─── SUPPLIED RECORDS
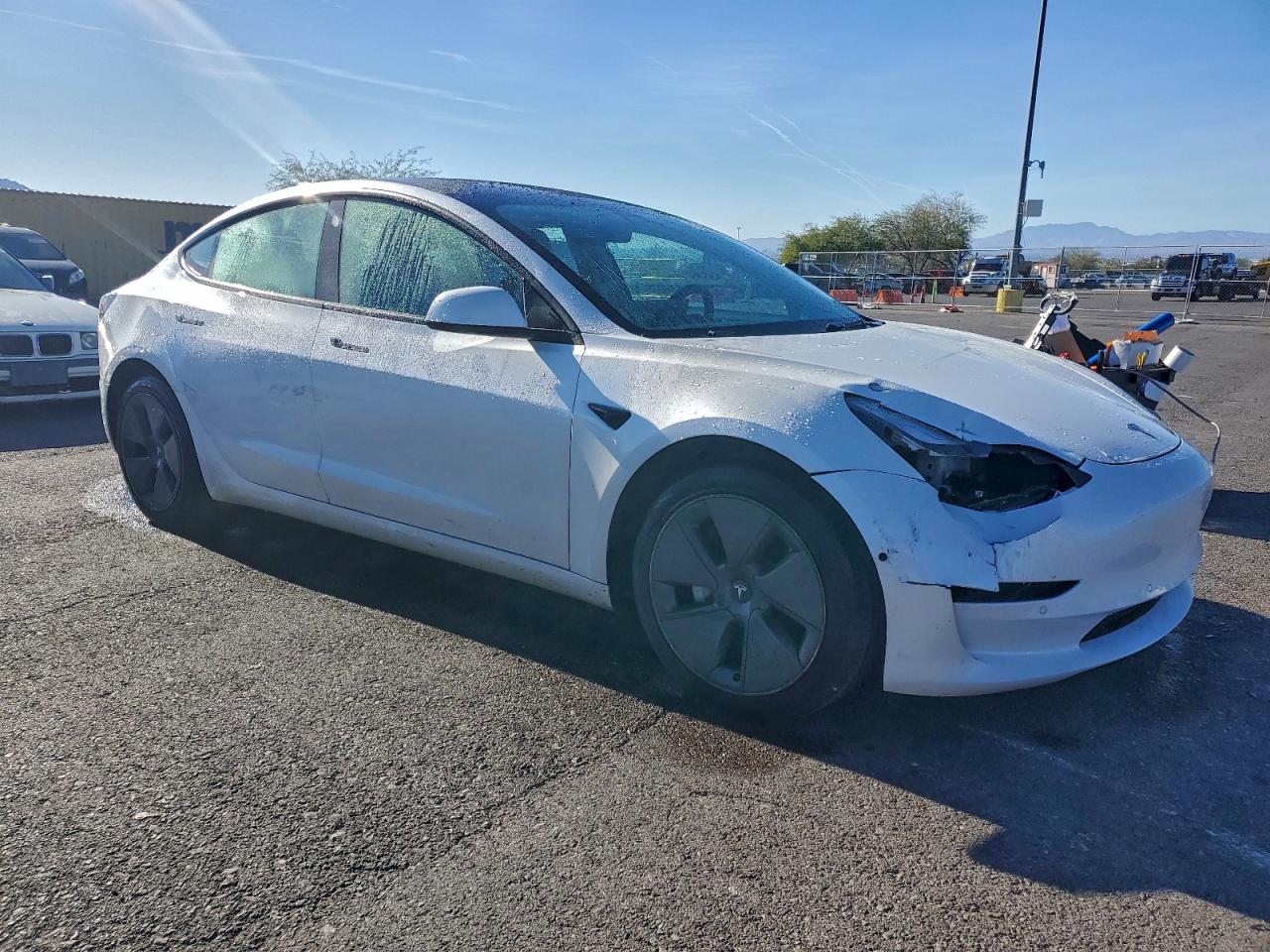 Tesla Model 3 Image 7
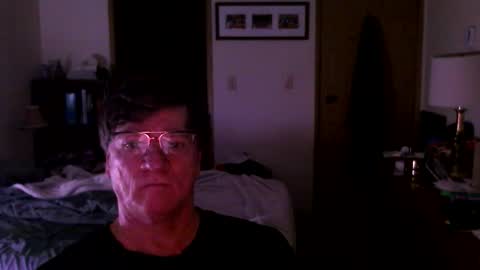 Snapshot of hg99too chatting on 02-01-26, 03:43 hg99too online show from 02-01-26, 03:43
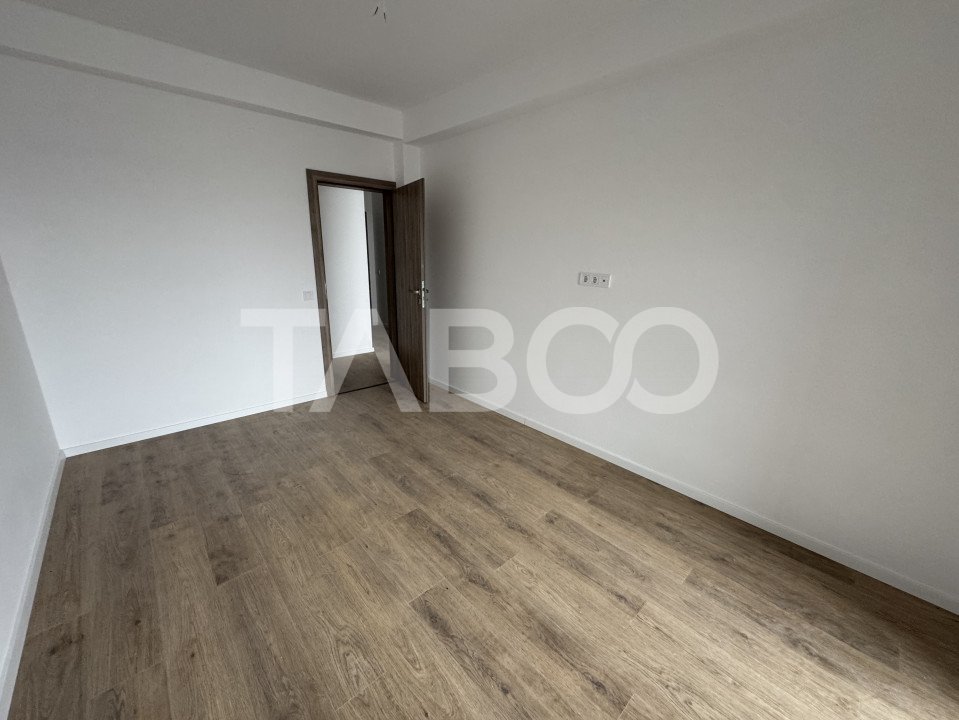 Apartament la cheie cu 4 camere 3 bai 102 mpu balcon de 15 mp 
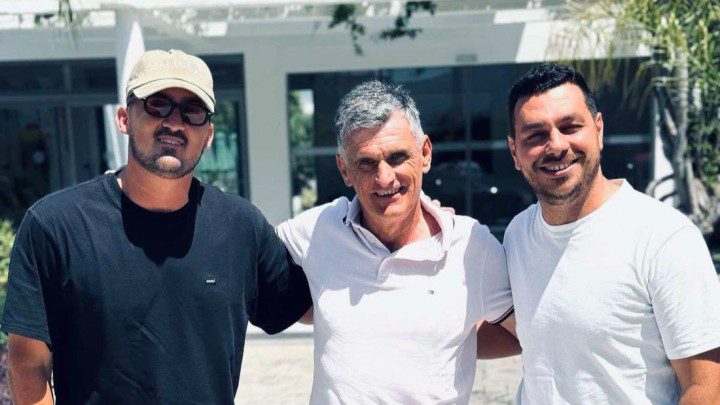 26e77aa36e0e711adc7bcca6d985ef7d-b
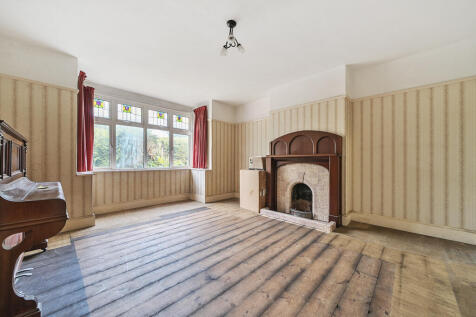 Front Reception Room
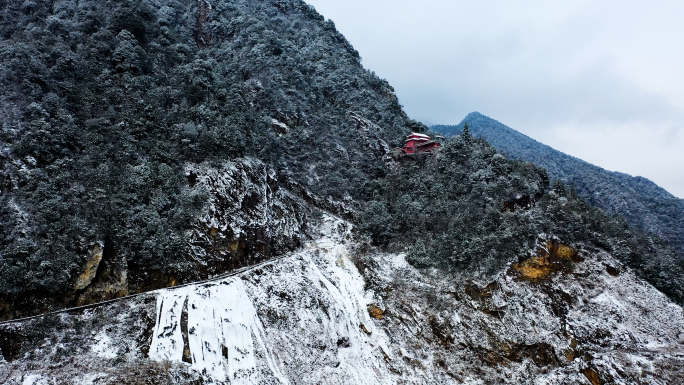 从千佛山看济南城冬日雪景航拍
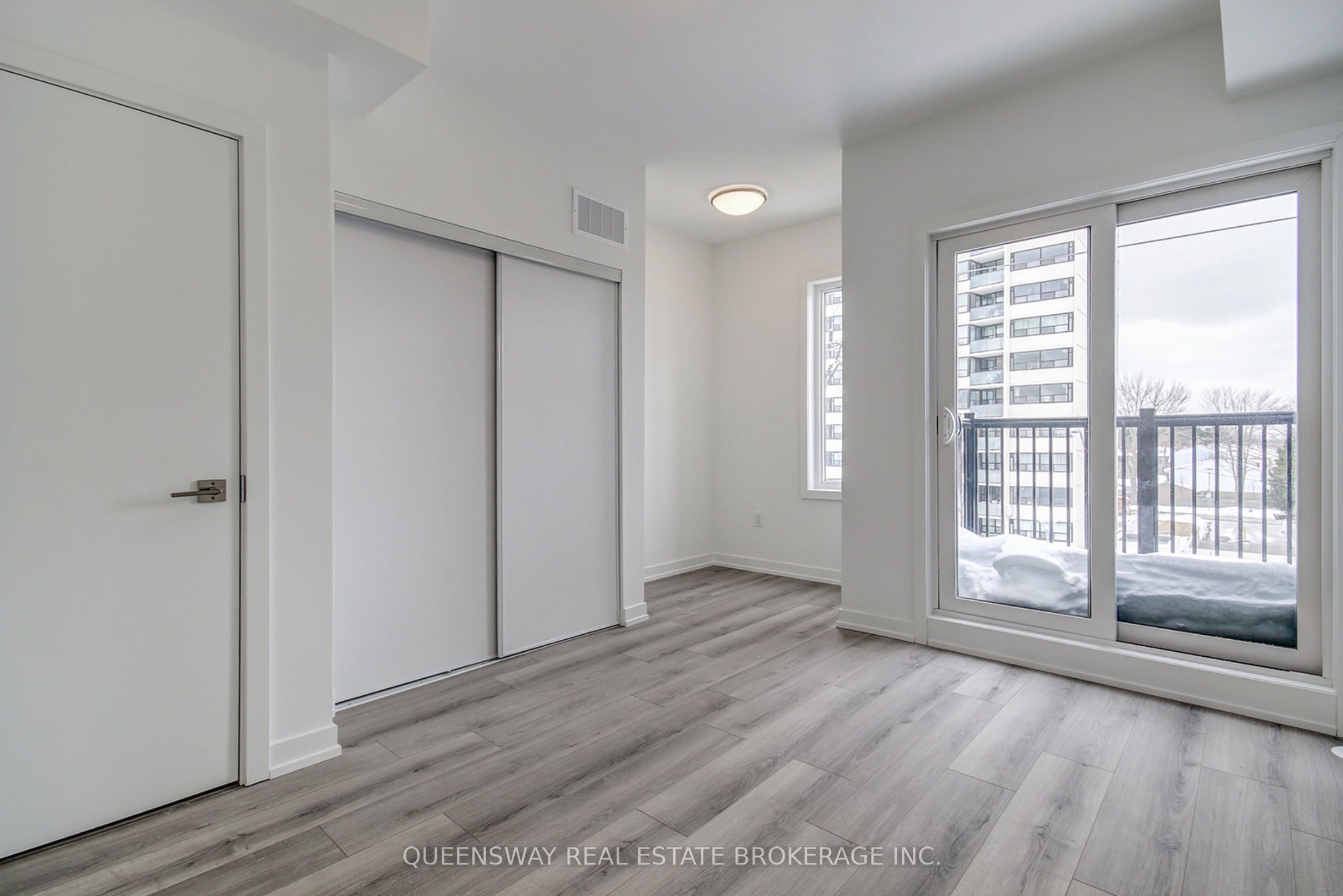 3079 Pharmacy Avenue 28 Property Photo 15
──────
ABOUT THIS TASK. With the pictures omitted, print precisely the lines from the one with "Snapshot of hg99too" to the final line of the records, both included.

EXERCISE RESPONSE.
 Snapshot of hg99too chatting on 02-01-26, 03:43 hg99too online show from 02-01-26, 03:43
 Apartament la cheie cu 4 camere 3 bai 102 mpu balcon de 15 mp 
 26e77aa36e0e711adc7bcca6d985ef7d-b
 Front Reception Room
 从千佛山看济南城冬日雪景航拍
 3079 Pharmacy Avenue 28 Property Photo 15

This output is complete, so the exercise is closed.